Slight grumbles aside, Stewart’s film is as pleasing a time waster as they come and, assisted by the sumptuous photography of D.O.P. Brian Sowell, drenched in sufficient purplish excess to take us back to the moment when Crampton’s partner in crime Jeffrey Combs first fired up the Resonator all those moons back. Beyond The Gates is unashamedly eighties in flavor and therefore effortless to savor, should your bifocals support it ultraviolet rays.

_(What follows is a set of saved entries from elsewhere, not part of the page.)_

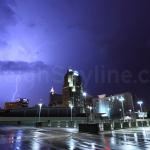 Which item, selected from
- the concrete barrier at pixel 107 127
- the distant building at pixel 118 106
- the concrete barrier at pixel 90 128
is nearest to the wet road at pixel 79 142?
the concrete barrier at pixel 90 128

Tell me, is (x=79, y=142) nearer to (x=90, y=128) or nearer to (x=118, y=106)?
(x=90, y=128)

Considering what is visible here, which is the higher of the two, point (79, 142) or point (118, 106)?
point (118, 106)

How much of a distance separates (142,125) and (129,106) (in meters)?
118

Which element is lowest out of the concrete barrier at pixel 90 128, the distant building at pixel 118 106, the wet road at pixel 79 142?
the wet road at pixel 79 142

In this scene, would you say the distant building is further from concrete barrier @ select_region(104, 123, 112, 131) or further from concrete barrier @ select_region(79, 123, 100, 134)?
concrete barrier @ select_region(79, 123, 100, 134)

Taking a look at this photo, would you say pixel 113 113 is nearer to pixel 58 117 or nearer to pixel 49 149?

Does it reinvent the wheel? Barely a solitary spoke. But, after a protacted preiod of head scratching, I now know precisely of the unknown perils that lurk beyond the gates. Thanks Eveleyn and, while we’re on the subject, I don’t suppose you wish to share the whereabouts of the key to your chastity belt do you?
Crimson Quill’s Judgement: 7/10
Grue Factor: 4/5
For the Grue-Guzzlers: Quality overrides quantity here and Beyond The Gates knows precisely how to sporadically sicken. The practical prowess of FX tag team Josh & Sierra Russell is mightily impressive and culminates in a couple of exemplary gags that ladle on the gloopy grue with wildest abandonment. On this bloodthirsty evidence, Stewart has quite the team around him to push on and Evelyn’s grisly ghouls are welcome at my place anytime, provided Crampton’s on hostess duties.